I was intrigued in the way he handled the little thing he added a little translucent drop or 2 inside the cartridge and handed me the little thing, took a few drags and it tasted like red bull , i smiled and paid the vendor there and then, i stocked up on a few flavours and started my journey to drop the stinkys.
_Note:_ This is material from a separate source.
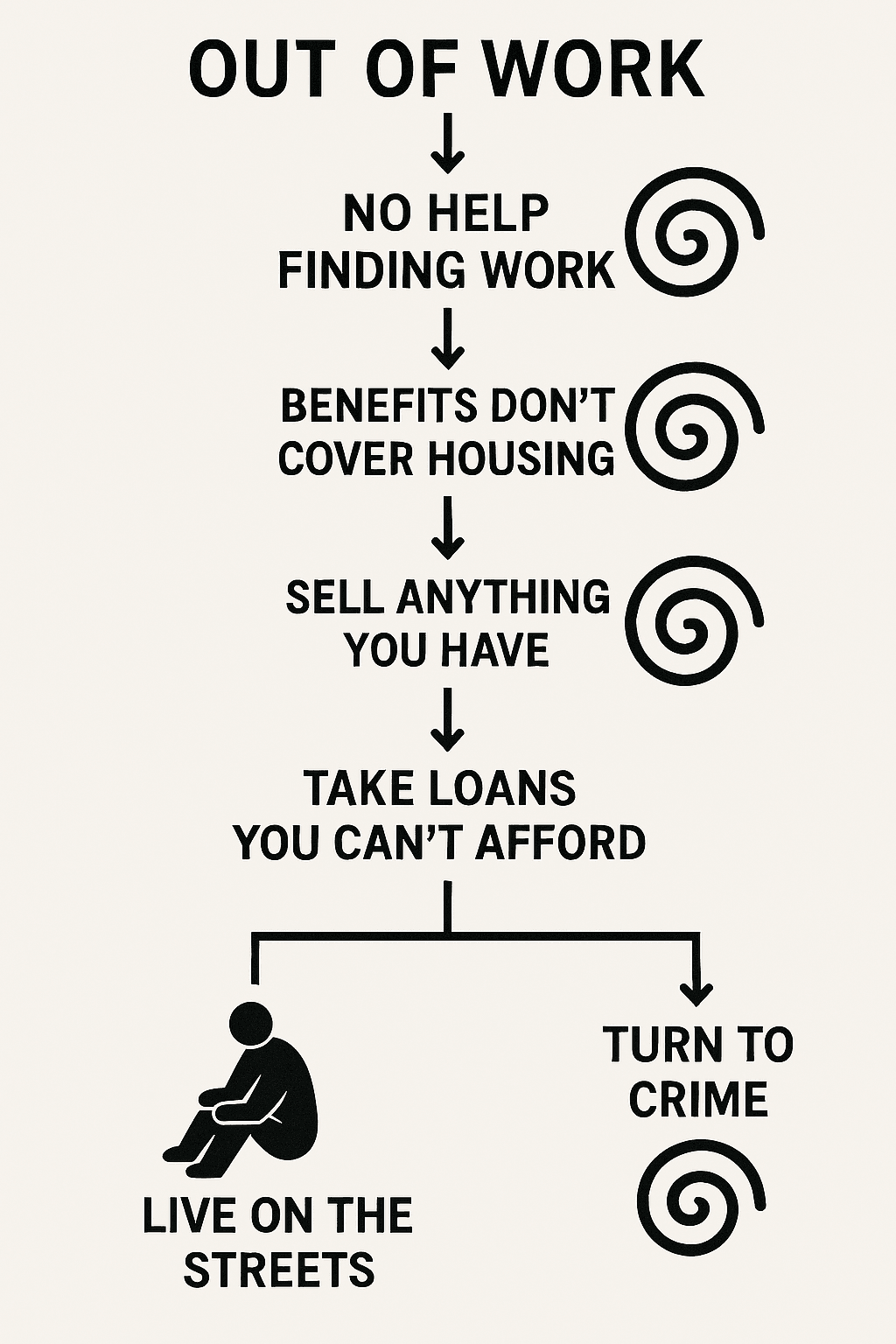 A flowchart-style graphic mapping the descent triggered by unemployment. It begins with “OUT OF WORK” and cascades downward through stages: “NO HELP FINDING WORK,” “BENEFITS DON’T COVER HOUSING,” “SELL ANYTHING YOU HAVE,” and “TAKE LOANS YOU CAN’T AFFORD”—each marked by a spiral symbol, signaling destabilization. The path splits at the bottom: one arrow leads to “LIVE ON THE STREETS” (with a seated figure icon), the other to “TURN TO CRIME.” The chart exposes systemic neglect and the emotional toll of unsupported unemployment. A flowchart-style graphic mapping the descent triggered by unemployment. It begins with “OUT OF WORK” and cascades downward through stages: “NO HELP FINDING WORK,” “BENEFITS DON’T COVER HOUSING,” “SELL ANYTHING YOU HAVE,” and “TAKE LOANS YOU CAN’T AFFORD”—each marked by a spiral symbol, signaling destabilization. The path splits at the bottom: one arrow leads to “LIVE ON THE STREETS” (with a seated figure icon), the other to “TURN TO CRIME.” The chart exposes systemic neglect and the emotional toll of unsupported unemployment.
My first trouble started when the cartridges that were finished and the Macguyver in me said i could re-use the little things so i tried supplementing the white fluffy wick with any substitute i could find from earbud cotton to cotton swabs to cotton balls and you wont believe what ended up working the best....... teddy stuffing yes vapers teddy stuffing i was as happy as a teenager at a Justin Bieber concert .....stay tuned for the charging nightmare and how i allmost lost my finger

Reactions: Winner 3 | Funny 5 | Informative 1


----------



## Arthster (4/9/19)

SparkySA said:


> Chapter 1
> 
> THE BEGINNING OF THE END OF THE STINKYS
> 
> ...



More... More... More

Man I remember those things.1st flavour was marlboro... Tasted more like the bud a day later but hells yes I was smoking a lektronic skyf

Reactions: Like 2


----------



## Hooked (4/9/19)

SparkySA said:


> Chapter 1
> 
> THE BEGINNING OF THE END OF THE STINKYS
> 
> ...



lol this is fun! Looking forward to the next chapter @SparkySA

Reactions: Like 2 | Agree 1


----------